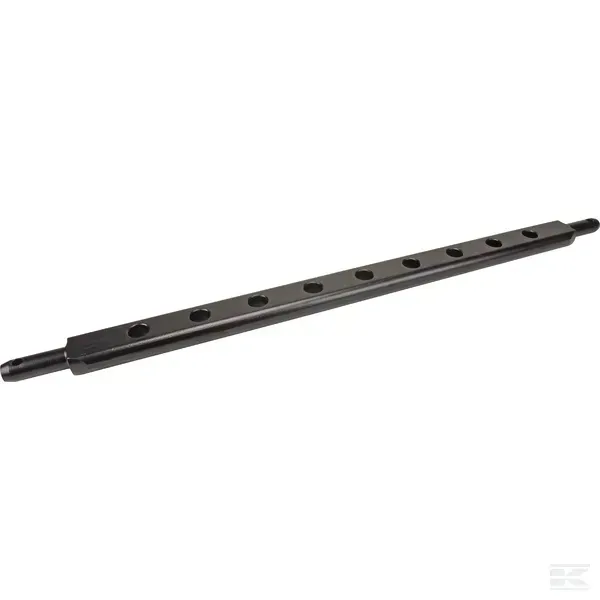 z628961kr-belka-kat-2-960-mm
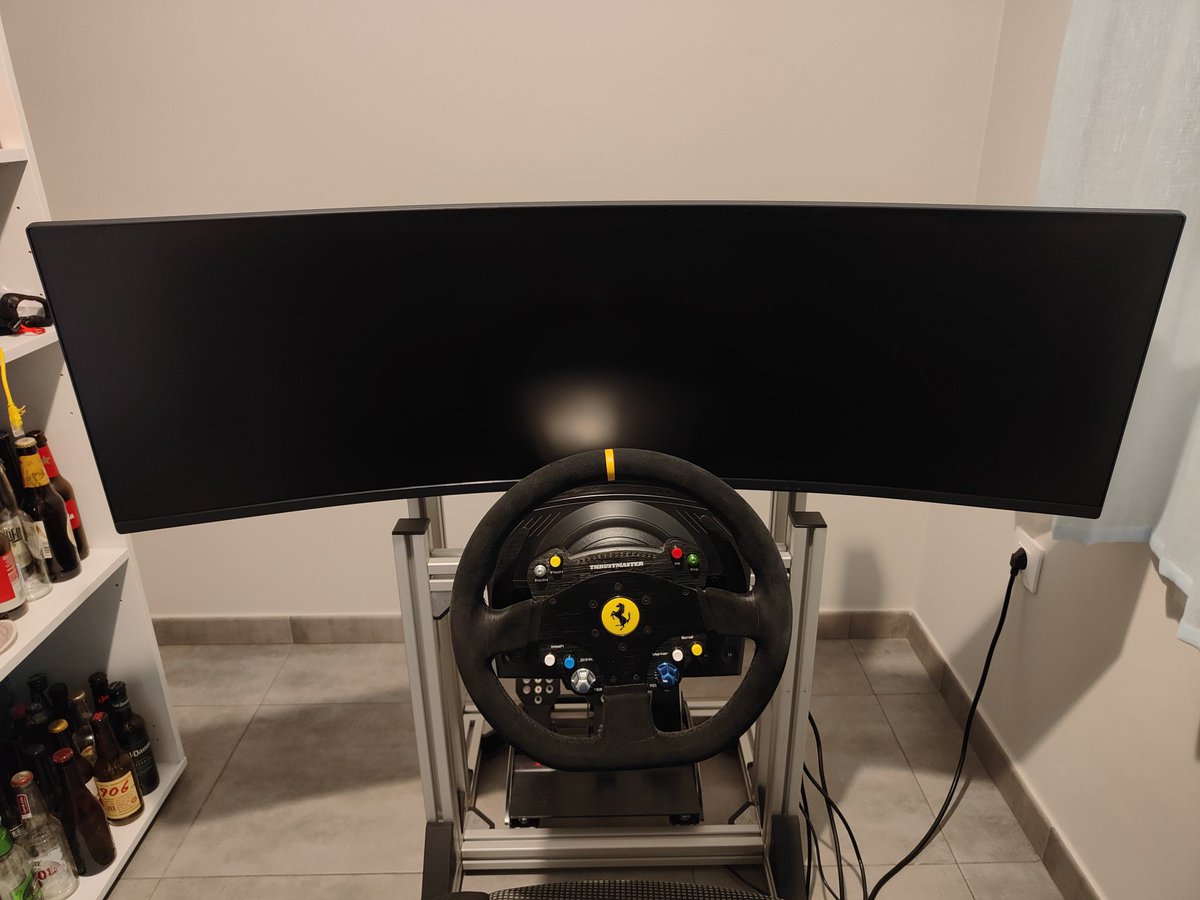 Sergio Cruz🔻🇪🇸 tweet media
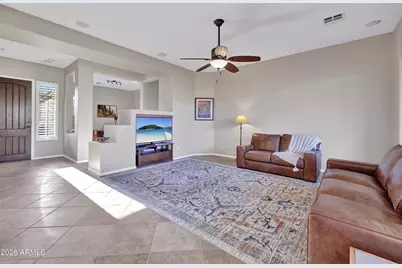 27009 N 130th Lane, Peoria, AZ 85383 - Photo 7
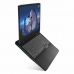 Ноутбук Lenovo IdeaPad Gaming 3 15IAH7 15,6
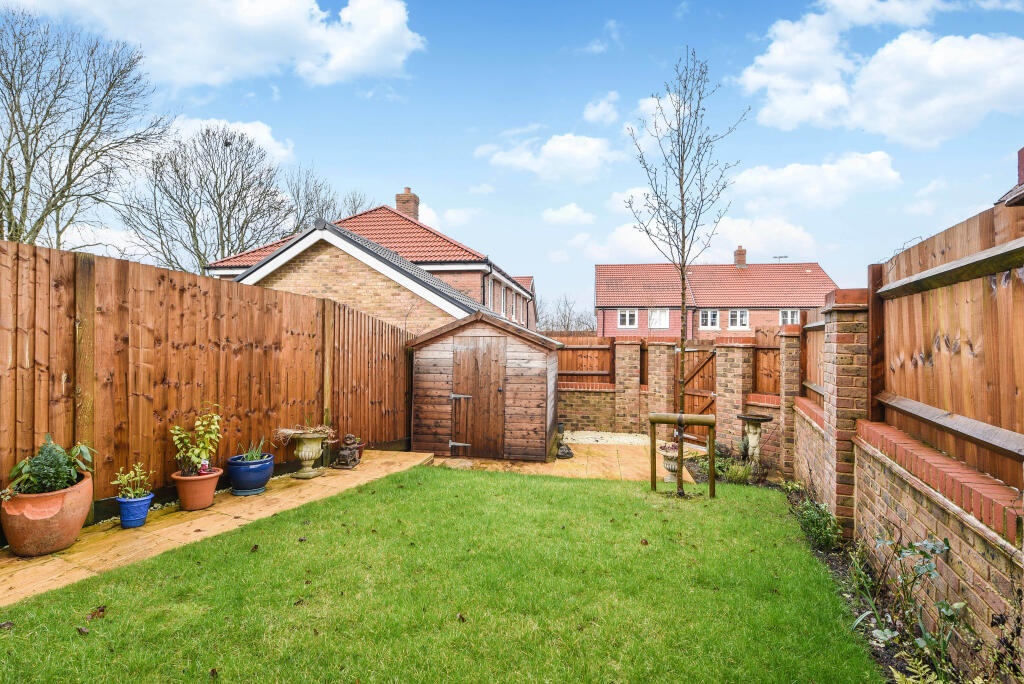 Photo 03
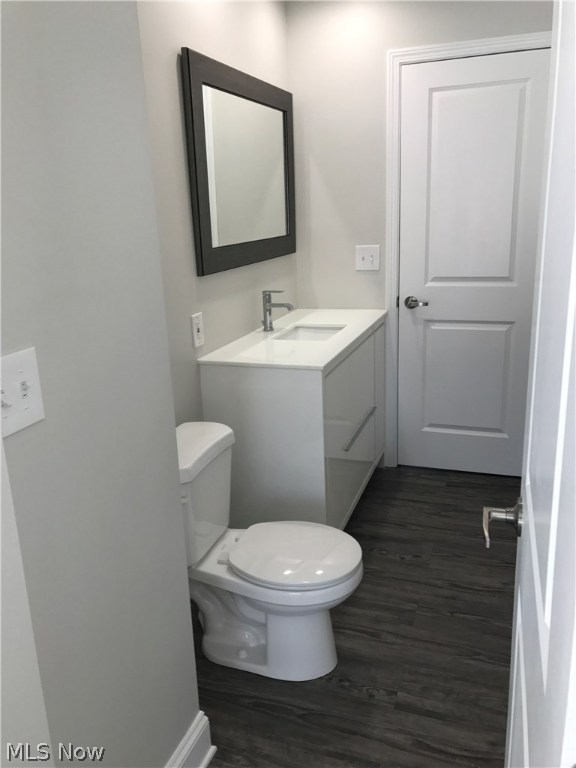 Pleasant Acres Sub 1 - Residential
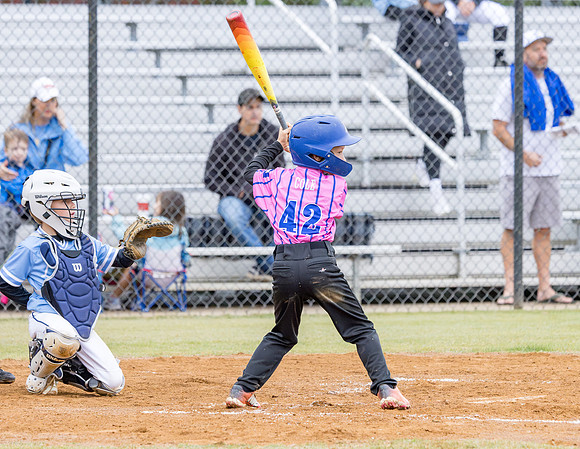 2025_10_12 - Game 1-103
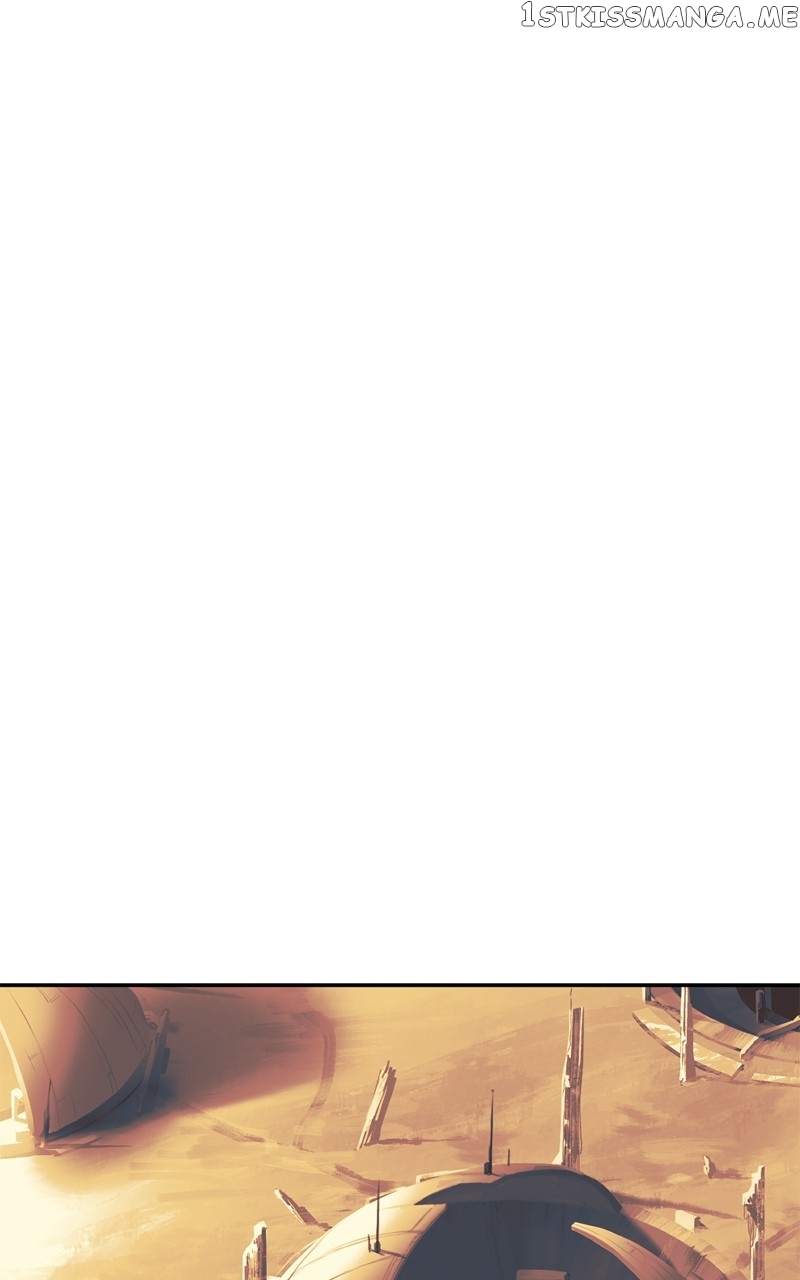 Crimson Heart Chapter 25 - page 66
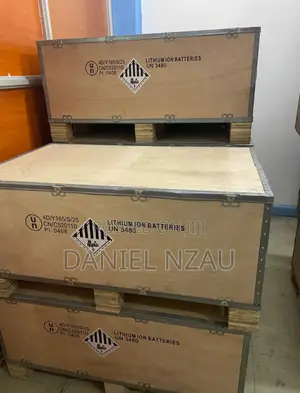 Solar Products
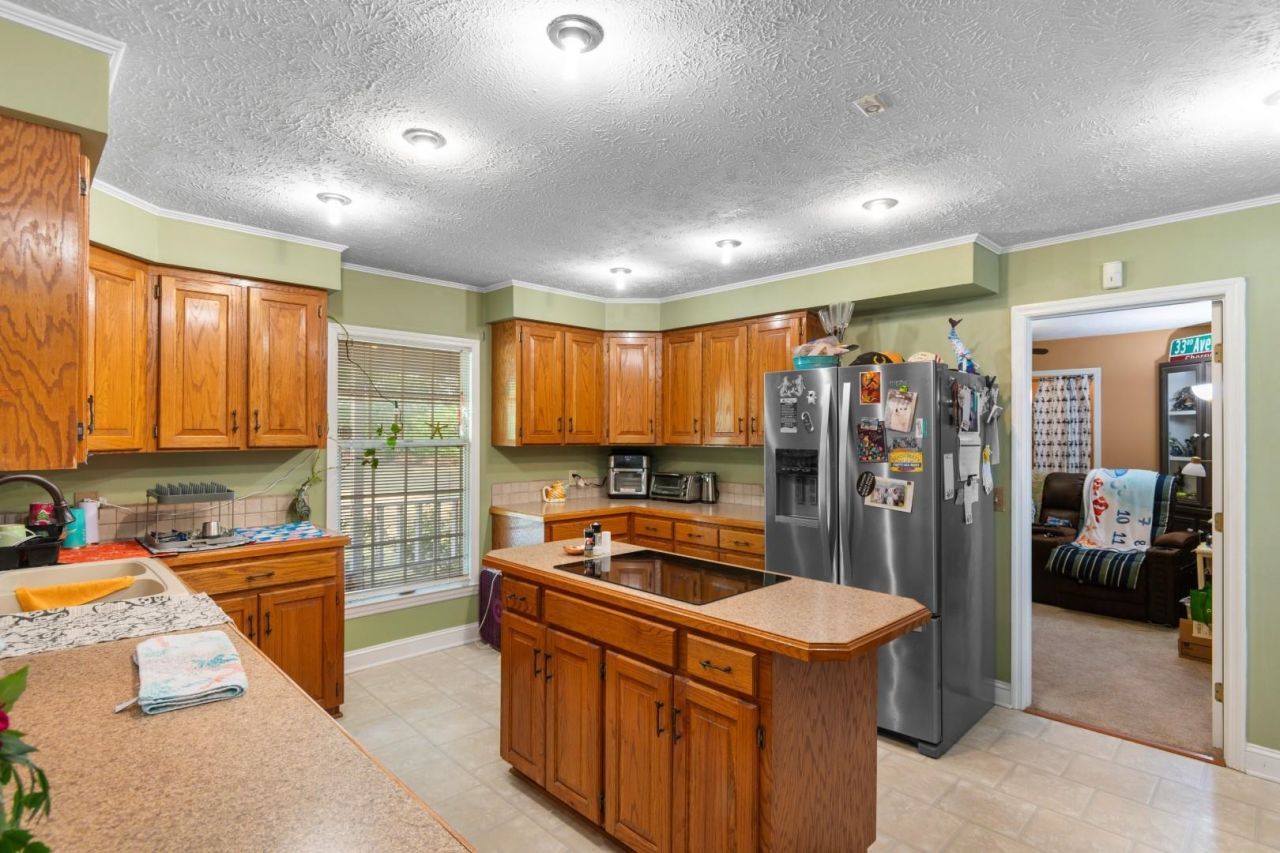 11254 N Highway 905 Photo 5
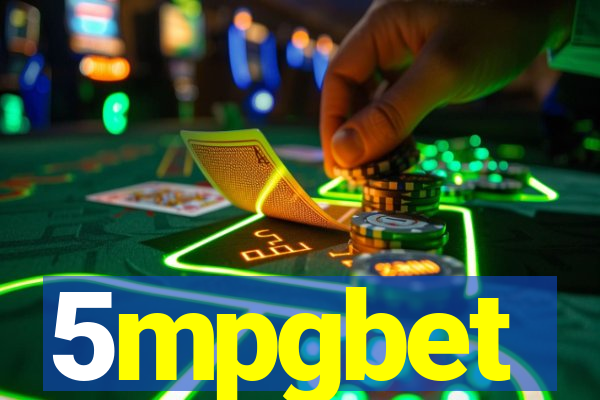 5mpgbet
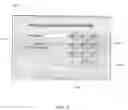 Fig. 07 - USER AUTHENTICATION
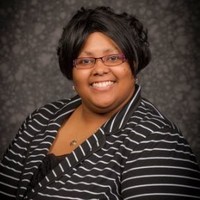 Indiana University South Bend Employee Kimberly Moore's profile photo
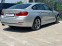 Обява за продажба на BMW 435 DIS/Head up/Led/4x4/СОБСТВЕН ЛИЗИНГ ~45 990 лв. - изображение 6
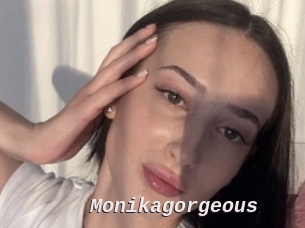 Monikagorgeous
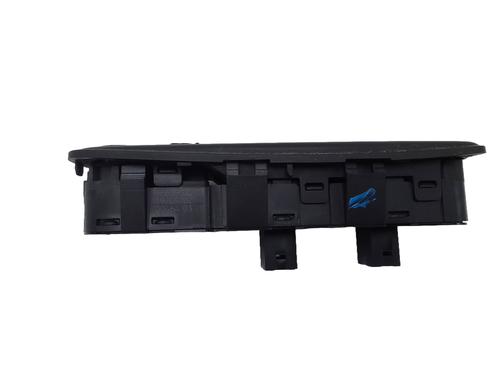 Switch CITROËN C4 Grand Picasso II (DA_, DE_) 1.6 HDi / BlueHDi 115 | BP26159939I30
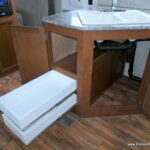 2014 Keystone PASSPORT 2650BH Travel Trailer, Grand Touring, Bunk Beds, Slide-Out-Thumbnail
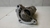 Motor arranque Citroen C4 2.0 2007 a 2013 965631768003 - Alpha Auto Peças Sorocaba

TASK PROMPT:
Only the lines from the line holding "Indiana University South" through the last line above belong in the answer, repeated exactly; the pictures do not.

ANSWER TO THIS TASK:
 Indiana University South Bend Employee Kimberly Moore's profile photo
 Обява за продажба на BMW 435 DIS/Head up/Led/4x4/СОБСТВЕН ЛИЗИНГ ~45 990 лв. - изображение 6
 Monikagorgeous
 Switch CITROËN C4 Grand Picasso II (DA_, DE_) 1.6 HDi / BlueHDi 115 | BP26159939I30
 2014 Keystone PASSPORT 2650BH Travel Trailer, Grand Touring, Bunk Beds, Slide-Out-Thumbnail
 Motor arranque Citroen C4 2.0 2007 a 2013 965631768003 - Alpha Auto Peças Sorocaba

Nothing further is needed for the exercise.